Activate internal telemetry in the Collector

By default, the Collector exposes its own telemetry in two ways:

Internal metrics are exposed using a Prometheus interface which defaults to port 8888.
Logs are emitted to stderr by default.

Configure resource attributes

The Collector’s automatically attaches the service.name, service.version, and service.instance.id (randomly generated) resource attributes to its internal telemetry signals. These can be disabled by setting the attribute value to null (ex. service.name: null).

If you’d like to add additional resource attributes to the Collector’s internal telemetry signals (traces, metrics, and logs) you can set them under service::telemetry::resource:

service:
  telemetry:
    resource:
      attribute_key: 'attribute_value'

Configure internal metrics

OTLP exporter for internal metrics

You can configure how internal metrics are generated and exposed by the Collector. By default, the Collector generates basic metrics about itself and exposes them using the OpenTelemetry Go Prometheus exporter for scraping at http://127.0.0.1:8888/metrics.

The Collector can push its internal metrics to an OTLP backend via the following configuration:

service:
  telemetry:
    metrics:
      readers:
        - periodic:
            exporter:
              otlp:
                protocol: http/protobuf
                endpoint: https://backend:4318

For all available options, see OTLP exporter options.
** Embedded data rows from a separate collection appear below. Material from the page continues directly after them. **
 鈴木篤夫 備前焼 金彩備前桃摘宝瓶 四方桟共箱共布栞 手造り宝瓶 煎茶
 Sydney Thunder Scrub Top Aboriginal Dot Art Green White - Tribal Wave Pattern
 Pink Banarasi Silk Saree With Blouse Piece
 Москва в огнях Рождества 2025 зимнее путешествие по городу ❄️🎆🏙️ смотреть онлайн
Prometheus endpoint for internal metrics

Alternatively, you can expose the Prometheus endpoint to one specific or all network interfaces when needed. For containerized environments, you might want to expose this port on a public interface.

Set the Prometheus config under service::telemetry::metrics:

service:
  telemetry:
    metrics:
      readers:
        - pull:
            exporter:
              prometheus:
                host: '0.0.0.0'
                port: 8888

If you want to add additional labels to the Prometheus metrics, you can add them with prometheus::with_resource_constant_labels:

prometheus:
  host: '0.0.0.0'
  port: 8888
  with_resource_constant_labels:
    included:
      - label_key

And then reference the labels in service::telemetry::resource:

resource:
  label_key: label_value

Service address

Internal telemetry configuration changes

As of Collector v0.123.0, the service::telemetry::metrics::address setting is ignored. In earlier versions, it could be configured with:

service:
  telemetry:
    metrics:
      address: 0.0.0.0:8888

Metric verbosity

You can adjust the verbosity of the Collector metrics output by setting the level field to one of the following values:

none: no telemetry is collected.
basic: essential service telemetry.
normal: the default level, adds standard indicators on top of basic.
detailed: the most verbose level, includes dimensions and views.
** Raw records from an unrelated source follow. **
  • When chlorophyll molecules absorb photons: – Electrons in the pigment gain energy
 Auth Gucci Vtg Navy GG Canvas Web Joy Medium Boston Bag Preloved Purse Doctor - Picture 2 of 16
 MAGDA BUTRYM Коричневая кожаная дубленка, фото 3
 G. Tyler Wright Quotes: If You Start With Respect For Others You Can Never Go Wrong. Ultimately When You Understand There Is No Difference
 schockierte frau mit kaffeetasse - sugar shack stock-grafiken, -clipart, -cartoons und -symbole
Each verbosity level represents a threshold at which certain metrics are emitted. For the complete list of metrics, with a breakdown by level, see Lists of internal metrics.
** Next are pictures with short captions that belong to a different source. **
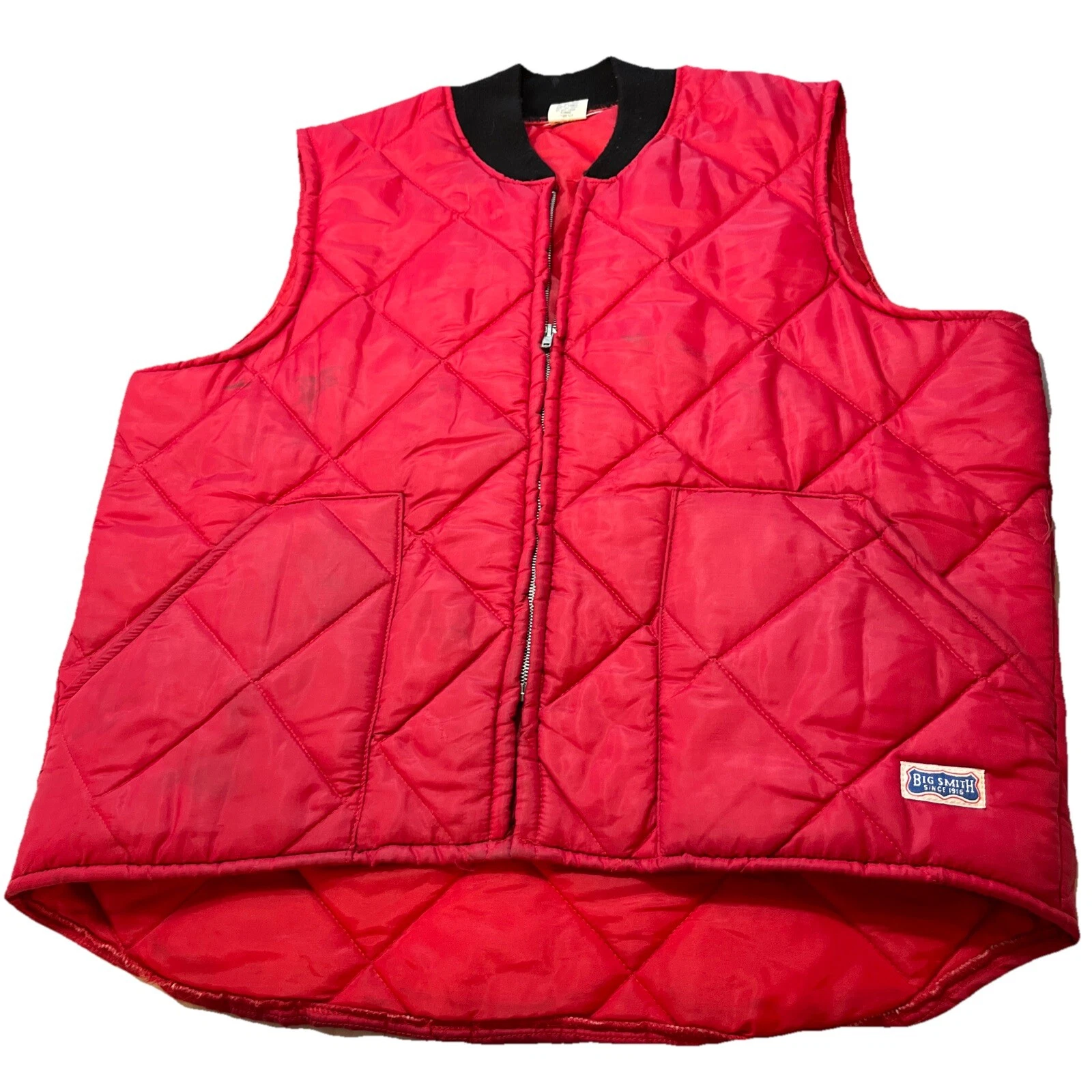 Vtg XL Big Smith RED Quilted NYLON Lightweight Zip VEST W5051 MADE USA Pockets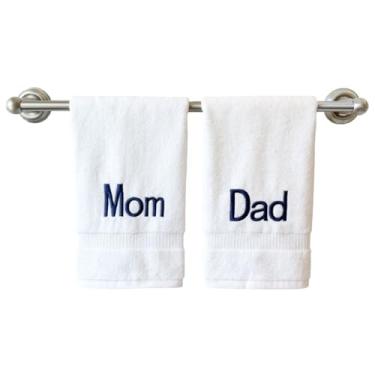 Imagem de Toalhas de mão brancas com monograma para banheiro - Toalha bordada inicial personalizada de qualidade de hotel de luxo para lavabo, spa - certificado orgânico GOTS - conjunto de 2 marinhos pai e mãe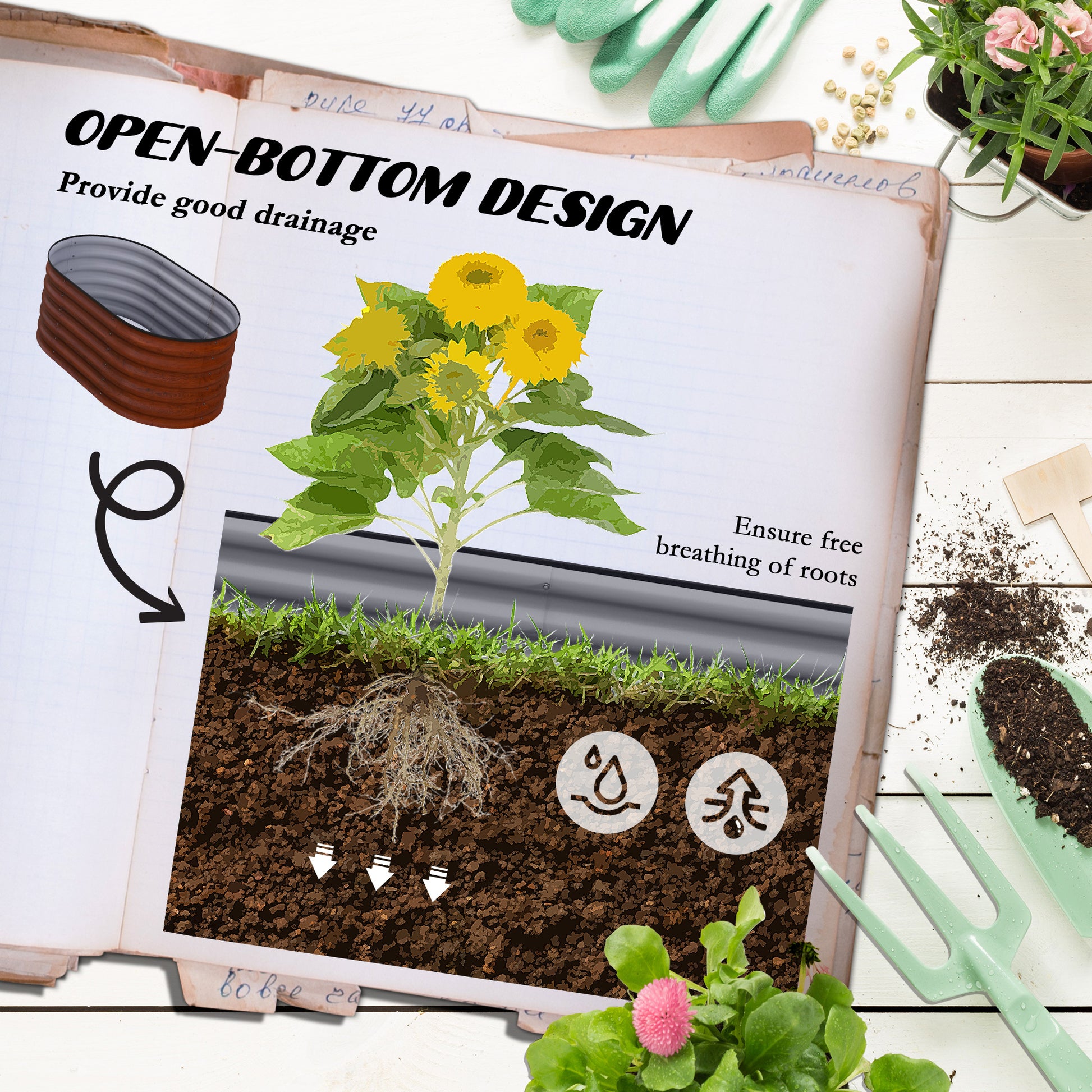 Brown Steel Modular Garden Bed Kit for Outdoor Planting
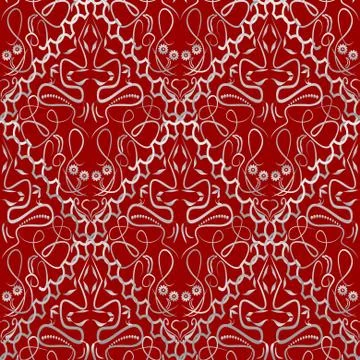 Red fabric with an light old-style brocade pattern Stock Illustration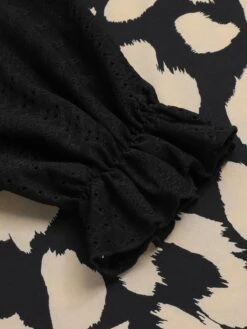 Black 1950s Leopard V-Neck Patchwork Dress -BUNBUN Fancy Clothing Shop SCHL003551 5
The default level for metrics output is normal. To use another level, set service::telemetry::metrics::level:

service:
  telemetry:
    metrics:
      level: detailed

Metric views

You can further configure how metrics from the Collector are emitted by using views. For example, the following configuration updates the metric named otelcol_process_uptime to emit a new name process_uptime and description:

Nota

When configuring the Prometheus exporter for internal metrics manually (using readers), otelcol_process_uptime may be exported as otelcol_process_uptime_seconds_total unless without_type_suffix and without_units are set to true. Use the instrument_name value otelcol_process_uptime (the OTLP name) in views regardless. To control Prometheus-specific suffixes, see Unit suffixes.

service:
  telemetry:
    metrics:
      views:
        - selector:
            instrument_name: otelcol_process_uptime
            instrument_type:
          stream:
            name: process_uptime
            description: The amount of time the Collector has been up

You can also use views to update the resulting aggregation, attributes, and cardinality limits. For the full list of options, see the examples in the OpenTelemetry Configuration schema repository.

Configure internal logs

Log output is found in stderr. You can configure logs in the config service::telemetry::logs. The configuration options are:

Field name	Default value	Description
`level`	`INFO`	Sets the minimum enabled logging level. Other possible values are `DEBUG`, `WARN`, and `ERROR`.
`development`	`false`	Puts the logger in development mode.
`encoding`	`console`	Sets the logger’s encoding. The other possible value is `json`.
`disable_caller`	`false`	Stops annotating logs with the calling function’s file name and line number. By default, all logs are annotated.
`disable_stacktrace`	`false`	Disables automatic stacktrace capturing. Stacktraces are captured for logs at `WARN` level and above in development and at `ERROR` level and above in production.
`sampling::enabled`	`true`	Sets a sampling policy.
`sampling::tick`	`10s`	The interval in seconds that the logger applies to each sampling.
`sampling::initial`	`10`	The number of messages logged at the start of each `sampling::tick`.
`sampling::thereafter`	`100`	Sets the sampling policy for subsequent messages after `sampling::initial` messages are logged. When `sampling::thereafter` is set to `N`, every `Nth` message is logged and all others are dropped. If `N` is zero, the logger drops all messages after `sampling::initial` messages are logged.
`output_paths`	`["stderr"]`	A list of URLs or file paths to write logging output to.
`error_output_paths`	`["stderr"]`	A list of URLs or file paths to write logger errors to.
`initial_fields`		A collection of static key-value pairs added to all log entries to enrich logging context. By default, there is no initial field.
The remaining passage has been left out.